The planning of the Dublin Contemporary though, has been tumultuous. It has its beginnings in 1999 when Oliver Dowling, then visual arts officer for the Arts Council and a co-founder of the exhibition, proposed an international art exhibition for Dublin. This was generally welcomed but seen as untimely. Rachel Thomas, Head of Exhibitions for the Irish Museum of Modern Art approached him in 2005 when she had a similar vision, and the two pushed for it since. Under them, the show was to be about Joycean interaction with the city, as visitors would follow a path between different galleries where the journey became part of the art through imposed context. The other theme was to be Silence as a part of Irish storytelling tradition. However, there were rumours of strife within the Dublin Contemporary headquarters, and it was launched twice in Dublin, once in London and once in New York without much to show for itself. It was also pushed back several times, as it was due debut in 2010, and then moved to the Summer of 2011, only to be pushed back to have opened recently. Then, in January of this year, Rachel Thomas departed as artistic director for mysterious reasons that nobody felt comfortable disclosing to The University Times.

It was only in February that the current curators were appointed, and it is they who picked the present line-up of artists and chose the new themes. Despite the baggage and scope of the undertaking, the Dublin Contemporary 2011 has overcome its many obstacles in presenting an international contemporary art show of significant merit, which is obviously great from a cultural standpoint, but also as a draw for tourism and in giving a welcome home for Irish artists.
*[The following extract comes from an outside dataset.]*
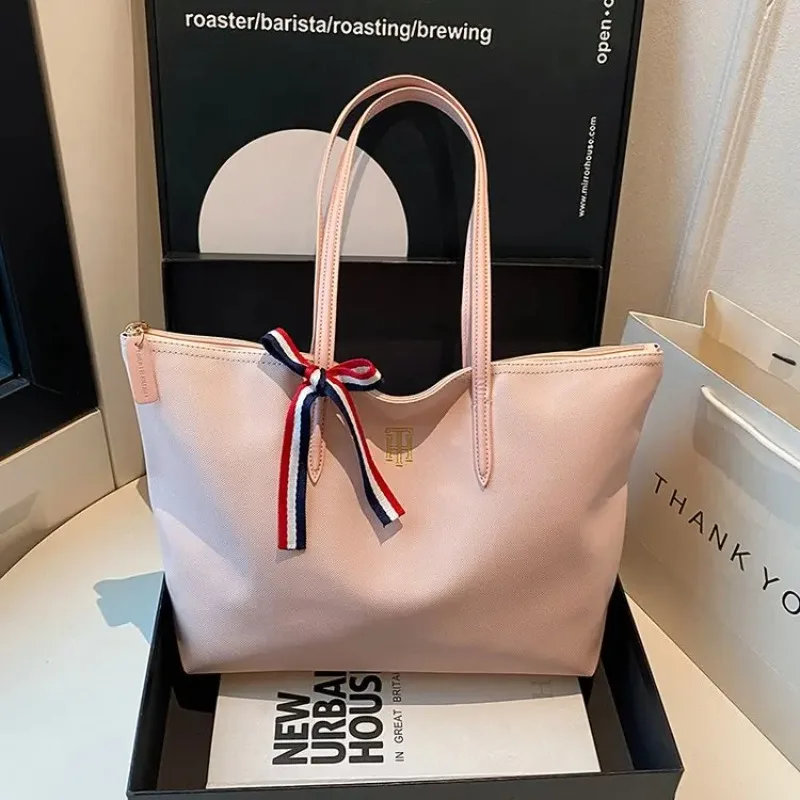 럭셔리 브랜드 여성 핸드백 가죽 토트백 클래식 우아한  - Women Bags Popular Brands 리뷰 및 가격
A lot of the art at the exhibition is explicitly political in one way or another. Alan Butler’s mixed media installation finds a room wallpapered with print-outs of stories about China from news websites; one side of the room about the suicides at the FOXCONN plants where iPhones are manufactured, the other about media censorship. The former also has an iPhone with a video on a loop, the former has 2 giant psychedelic poster recreations of the recent press release condemning traitorous portrayals of Party-approved China. Then there is Brian Duggan’s scale model of a rusted ferris-wheel, accompanied by an English translation of the evacuation order of Pripyat following the meltdown at Chernobyl. Another sure-to-be popular exhibit is Richard Mosse’s Infra series; a set of photographs with altered colours depicting a series of surreal purple landscapes, filled with rifle bearing Congolese soldiers, that strikes a tragic contrast between dreamscape and reality. Then there are larger scale pieces, such as Castos’s large scale, reflective and oddly dimensioned piece “us”, and Thomas Hirschhorn’s giant coffin decorated with images of culture, violence and icons of consumerism.

You can’t help but feel that the curators were right to ignore big-name artists and embrace the next generation of artists who are confident to comment on national and international affairs on their own terms. In particular, the Danish artists’ group Superflex have a piece about the economic crisis that seems particularly relevant to Ireland, with their video of an ominous man saying that everything is going to be fine, as you step over euro coins glued to the floor. While the exhibition may have originated out of the Celtic Tiger years, it seems more appropriate now than ever, justifying its title: a Terrible Beauty.

The Dublin Contemporary runs from September 6th until October 31st and spans across the Earlsfort Terrace, the Douglas Hyde Gallery, Dublin City Gallery the Hugh Lane, the National Gallery of Ireland and the Royal Hibernian Academy and the Iveagh Gardens.